Si la competitividad te ha ganado
el pulso en tu vida, entonces es que has llegado al momento de reaccionar,
porque la competitividad te exprime y nunca te enriquece en lo vital, puede que
lo material se multiplique y que te sientas más reconocido o reconocida, más
admirado o admirada, pero hablamos de espejismos, otra persona más competitiva
-o con menos escrúpulos aún- está en tu estela, esperando la ocasión para pasar
por encima de ti…
Y ya tenemos el lío organizado:
necesitamos seguir siendo el mejor, y tenemos miedo a dejar de serlo, esto me
suena de algo. Cuando llegas a este punto la vida te cambia, ¡ya lo creo!,
entonces es cuando comienzas a padecer las “excelencias” de la competitividad,
y puede que inicies un camino complejo del que cuanto antes te salgas, mucho
mejor.
La competitividad es un lastre, y
sobre ello, una tontería muy pero que muy gorda cuando nos lo creemos y no
somos reflexivos al respecto.

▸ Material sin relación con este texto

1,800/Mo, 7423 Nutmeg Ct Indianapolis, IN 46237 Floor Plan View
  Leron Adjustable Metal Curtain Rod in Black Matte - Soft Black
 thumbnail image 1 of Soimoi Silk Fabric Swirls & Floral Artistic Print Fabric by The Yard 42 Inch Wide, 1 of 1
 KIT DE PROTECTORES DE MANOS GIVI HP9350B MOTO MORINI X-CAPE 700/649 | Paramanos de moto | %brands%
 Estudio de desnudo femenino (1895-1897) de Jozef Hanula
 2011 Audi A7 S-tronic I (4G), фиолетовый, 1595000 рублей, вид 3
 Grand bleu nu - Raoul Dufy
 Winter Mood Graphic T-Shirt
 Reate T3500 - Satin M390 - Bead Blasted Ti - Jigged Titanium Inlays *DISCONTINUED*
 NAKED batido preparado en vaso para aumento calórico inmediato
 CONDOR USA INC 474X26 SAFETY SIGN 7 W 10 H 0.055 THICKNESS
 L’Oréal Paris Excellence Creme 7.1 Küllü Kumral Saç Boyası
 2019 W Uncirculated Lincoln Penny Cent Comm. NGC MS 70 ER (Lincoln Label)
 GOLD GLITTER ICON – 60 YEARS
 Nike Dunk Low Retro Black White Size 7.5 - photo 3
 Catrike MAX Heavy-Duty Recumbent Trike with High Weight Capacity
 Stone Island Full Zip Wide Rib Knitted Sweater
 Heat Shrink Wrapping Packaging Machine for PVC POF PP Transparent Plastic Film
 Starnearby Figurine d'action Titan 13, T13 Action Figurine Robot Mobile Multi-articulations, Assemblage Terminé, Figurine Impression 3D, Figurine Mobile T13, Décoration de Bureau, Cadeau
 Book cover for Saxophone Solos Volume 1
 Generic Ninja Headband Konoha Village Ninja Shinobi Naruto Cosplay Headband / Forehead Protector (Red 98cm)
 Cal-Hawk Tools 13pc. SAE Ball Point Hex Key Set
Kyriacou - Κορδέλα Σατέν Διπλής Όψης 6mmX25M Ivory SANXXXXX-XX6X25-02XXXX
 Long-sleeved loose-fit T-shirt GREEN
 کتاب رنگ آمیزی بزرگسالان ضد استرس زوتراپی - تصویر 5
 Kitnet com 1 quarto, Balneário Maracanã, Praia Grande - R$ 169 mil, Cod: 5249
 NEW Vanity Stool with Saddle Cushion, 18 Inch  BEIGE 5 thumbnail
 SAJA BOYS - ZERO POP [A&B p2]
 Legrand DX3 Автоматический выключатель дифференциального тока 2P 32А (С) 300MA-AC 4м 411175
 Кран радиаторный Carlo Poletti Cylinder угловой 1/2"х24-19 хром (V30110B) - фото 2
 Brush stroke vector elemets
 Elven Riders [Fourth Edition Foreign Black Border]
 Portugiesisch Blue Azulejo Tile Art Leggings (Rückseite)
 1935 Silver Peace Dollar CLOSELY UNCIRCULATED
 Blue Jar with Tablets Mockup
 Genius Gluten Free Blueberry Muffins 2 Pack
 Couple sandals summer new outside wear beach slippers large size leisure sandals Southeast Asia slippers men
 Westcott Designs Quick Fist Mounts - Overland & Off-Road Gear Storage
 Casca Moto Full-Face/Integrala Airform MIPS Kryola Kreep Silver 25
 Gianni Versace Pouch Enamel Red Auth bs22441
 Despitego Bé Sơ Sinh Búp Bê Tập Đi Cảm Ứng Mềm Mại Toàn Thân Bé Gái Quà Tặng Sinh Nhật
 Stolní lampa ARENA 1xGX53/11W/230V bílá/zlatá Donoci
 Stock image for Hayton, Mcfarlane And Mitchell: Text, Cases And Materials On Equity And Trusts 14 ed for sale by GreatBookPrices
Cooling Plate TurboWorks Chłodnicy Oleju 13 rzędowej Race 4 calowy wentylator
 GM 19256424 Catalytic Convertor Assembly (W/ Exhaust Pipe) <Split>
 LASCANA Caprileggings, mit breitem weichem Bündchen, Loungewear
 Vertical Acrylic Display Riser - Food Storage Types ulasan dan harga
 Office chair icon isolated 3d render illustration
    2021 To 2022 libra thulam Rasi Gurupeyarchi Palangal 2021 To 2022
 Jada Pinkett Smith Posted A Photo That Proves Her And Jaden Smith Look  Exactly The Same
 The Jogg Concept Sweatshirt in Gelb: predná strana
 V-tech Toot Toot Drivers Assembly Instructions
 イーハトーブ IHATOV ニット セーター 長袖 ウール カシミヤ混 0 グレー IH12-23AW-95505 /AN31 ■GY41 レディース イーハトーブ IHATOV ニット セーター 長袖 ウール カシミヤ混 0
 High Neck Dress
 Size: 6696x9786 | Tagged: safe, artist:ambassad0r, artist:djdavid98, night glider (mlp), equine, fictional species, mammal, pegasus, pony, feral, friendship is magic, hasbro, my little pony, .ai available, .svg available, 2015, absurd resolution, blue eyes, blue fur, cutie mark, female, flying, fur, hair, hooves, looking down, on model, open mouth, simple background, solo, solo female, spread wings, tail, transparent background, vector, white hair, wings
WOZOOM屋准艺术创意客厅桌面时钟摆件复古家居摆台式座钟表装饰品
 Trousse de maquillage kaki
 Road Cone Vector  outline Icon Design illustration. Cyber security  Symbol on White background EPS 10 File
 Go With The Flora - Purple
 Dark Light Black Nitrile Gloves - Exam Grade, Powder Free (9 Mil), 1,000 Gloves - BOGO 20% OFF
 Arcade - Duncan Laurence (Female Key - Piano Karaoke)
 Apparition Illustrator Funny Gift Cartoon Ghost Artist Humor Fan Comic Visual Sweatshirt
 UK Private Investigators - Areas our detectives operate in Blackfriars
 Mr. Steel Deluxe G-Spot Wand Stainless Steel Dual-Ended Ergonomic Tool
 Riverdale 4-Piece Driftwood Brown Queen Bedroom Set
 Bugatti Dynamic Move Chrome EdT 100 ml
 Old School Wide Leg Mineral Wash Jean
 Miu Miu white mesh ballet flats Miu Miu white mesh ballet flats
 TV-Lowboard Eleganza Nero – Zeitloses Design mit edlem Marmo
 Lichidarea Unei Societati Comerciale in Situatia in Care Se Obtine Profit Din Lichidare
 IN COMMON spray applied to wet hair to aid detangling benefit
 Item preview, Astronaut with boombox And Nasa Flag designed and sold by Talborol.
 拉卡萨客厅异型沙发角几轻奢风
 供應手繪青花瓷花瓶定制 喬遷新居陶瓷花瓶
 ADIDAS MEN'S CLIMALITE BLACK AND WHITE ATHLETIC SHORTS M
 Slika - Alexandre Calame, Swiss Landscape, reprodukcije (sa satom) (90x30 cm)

Puedes ser un magnifico profesional y no pasarte
en lo competitivo, puede que tengas que alinearte con tu entorno para mejorar,
pero si no lo interpretas bien y te dejas seducir por buscar ser quien
sobresalga a toda costa, el camino será complicado, y los resultados
verdaderos, nunca te compensarán.
Ser competitivo de forma
desmedida cambia a las personas y rara
vez para mejor; las aísla, incomunica, aparta de un entorno constructivo, y
estanca en lo afectivo. Quien se basa en la competitividad rara vez se lleva
bien con sus emociones, aunque haga gala con frecuencia de la ira como
instrumento de persuasión o dominio. Pero cuando se queda a solas, con su
propio ser, el miedo, la tristeza, buscan sus caminos.
Ser competitivo exige exigirte
cada vez más y más, y las personas no somos así, no al menos para superar a los
demás y “ganar”. Sí podemos serlo para superarnos a nosotros y ayudar con ello
a los demás, eso es muy diferente. Piensa al respecto, tal vez te merezca la
pena dedicar unos minutillos a ello.